→ DIRECTIONS FOR THIS TASK
The whole listing below must be repeated exactly.
☆ ☆ ☆ ☆ ☆ ☆ ☆
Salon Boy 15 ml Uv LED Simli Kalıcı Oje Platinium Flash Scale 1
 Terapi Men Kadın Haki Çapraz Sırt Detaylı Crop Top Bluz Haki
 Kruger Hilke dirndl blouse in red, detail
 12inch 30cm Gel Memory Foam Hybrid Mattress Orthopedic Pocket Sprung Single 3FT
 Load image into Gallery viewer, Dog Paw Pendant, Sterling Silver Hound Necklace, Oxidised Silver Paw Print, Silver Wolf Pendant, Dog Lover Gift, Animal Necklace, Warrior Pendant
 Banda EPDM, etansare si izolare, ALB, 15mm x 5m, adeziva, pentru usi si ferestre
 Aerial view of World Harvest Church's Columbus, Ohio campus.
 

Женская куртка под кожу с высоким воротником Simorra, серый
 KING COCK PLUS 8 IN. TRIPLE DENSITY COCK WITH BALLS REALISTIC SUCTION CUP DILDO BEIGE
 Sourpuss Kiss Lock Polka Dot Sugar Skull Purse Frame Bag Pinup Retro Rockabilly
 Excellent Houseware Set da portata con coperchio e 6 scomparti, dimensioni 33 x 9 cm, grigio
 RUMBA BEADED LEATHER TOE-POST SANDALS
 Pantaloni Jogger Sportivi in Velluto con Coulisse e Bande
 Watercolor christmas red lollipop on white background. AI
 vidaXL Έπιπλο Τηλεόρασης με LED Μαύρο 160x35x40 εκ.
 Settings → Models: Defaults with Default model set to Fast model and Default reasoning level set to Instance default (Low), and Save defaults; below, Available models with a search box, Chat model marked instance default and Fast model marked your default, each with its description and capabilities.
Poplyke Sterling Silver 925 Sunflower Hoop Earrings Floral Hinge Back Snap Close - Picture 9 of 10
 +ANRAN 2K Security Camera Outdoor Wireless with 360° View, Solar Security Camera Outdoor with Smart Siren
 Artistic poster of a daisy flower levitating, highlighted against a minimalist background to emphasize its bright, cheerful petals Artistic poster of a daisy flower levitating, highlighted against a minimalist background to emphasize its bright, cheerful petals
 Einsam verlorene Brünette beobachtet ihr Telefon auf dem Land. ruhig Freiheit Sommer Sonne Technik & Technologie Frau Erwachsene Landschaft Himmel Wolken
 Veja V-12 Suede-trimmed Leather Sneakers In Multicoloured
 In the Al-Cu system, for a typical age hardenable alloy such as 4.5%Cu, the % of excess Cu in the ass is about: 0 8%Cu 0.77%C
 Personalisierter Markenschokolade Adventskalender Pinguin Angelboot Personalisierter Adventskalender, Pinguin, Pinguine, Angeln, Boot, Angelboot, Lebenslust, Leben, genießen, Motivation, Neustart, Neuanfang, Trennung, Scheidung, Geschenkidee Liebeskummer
☆ ☆ ☆ ☆ ☆ ☆ ☆
→ YOUR SOLUTION
Salon Boy 15 ml Uv LED Simli Kalıcı Oje Platinium Flash Scale 1
 Terapi Men Kadın Haki Çapraz Sırt Detaylı Crop Top Bluz Haki
 Kruger Hilke dirndl blouse in red, detail
 12inch 30cm Gel Memory Foam Hybrid Mattress Orthopedic Pocket Sprung Single 3FT
 Load image into Gallery viewer, Dog Paw Pendant, Sterling Silver Hound Necklace, Oxidised Silver Paw Print, Silver Wolf Pendant, Dog Lover Gift, Animal Necklace, Warrior Pendant
 Banda EPDM, etansare si izolare, ALB, 15mm x 5m, adeziva, pentru usi si ferestre
 Aerial view of World Harvest Church's Columbus, Ohio campus.
 

Женская куртка под кожу с высоким воротником Simorra, серый
 KING COCK PLUS 8 IN. TRIPLE DENSITY COCK WITH BALLS REALISTIC SUCTION CUP DILDO BEIGE
 Sourpuss Kiss Lock Polka Dot Sugar Skull Purse Frame Bag Pinup Retro Rockabilly
 Excellent Houseware Set da portata con coperchio e 6 scomparti, dimensioni 33 x 9 cm, grigio
 RUMBA BEADED LEATHER TOE-POST SANDALS
 Pantaloni Jogger Sportivi in Velluto con Coulisse e Bande
 Watercolor christmas red lollipop on white background. AI
 vidaXL Έπιπλο Τηλεόρασης με LED Μαύρο 160x35x40 εκ.
 Settings → Models: Defaults with Default model set to Fast model and Default reasoning level set to Instance default (Low), and Save defaults; below, Available models with a search box, Chat model marked instance default and Fast model marked your default, each with its description and capabilities.
Poplyke Sterling Silver 925 Sunflower Hoop Earrings Floral Hinge Back Snap Close - Picture 9 of 10
 +ANRAN 2K Security Camera Outdoor Wireless with 360° View, Solar Security Camera Outdoor with Smart Siren
 Artistic poster of a daisy flower levitating, highlighted against a minimalist background to emphasize its bright, cheerful petals Artistic poster of a daisy flower levitating, highlighted against a minimalist background to emphasize its bright, cheerful petals
 Einsam verlorene Brünette beobachtet ihr Telefon auf dem Land. ruhig Freiheit Sommer Sonne Technik & Technologie Frau Erwachsene Landschaft Himmel Wolken
 Veja V-12 Suede-trimmed Leather Sneakers In Multicoloured
 In the Al-Cu system, for a typical age hardenable alloy such as 4.5%Cu, the % of excess Cu in the ass is about: 0 8%Cu 0.77%C
 Personalisierter Markenschokolade Adventskalender Pinguin Angelboot Personalisierter Adventskalender, Pinguin, Pinguine, Angeln, Boot, Angelboot, Lebenslust, Leben, genießen, Motivation, Neustart, Neuanfang, Trennung, Scheidung, Geschenkidee Liebeskummer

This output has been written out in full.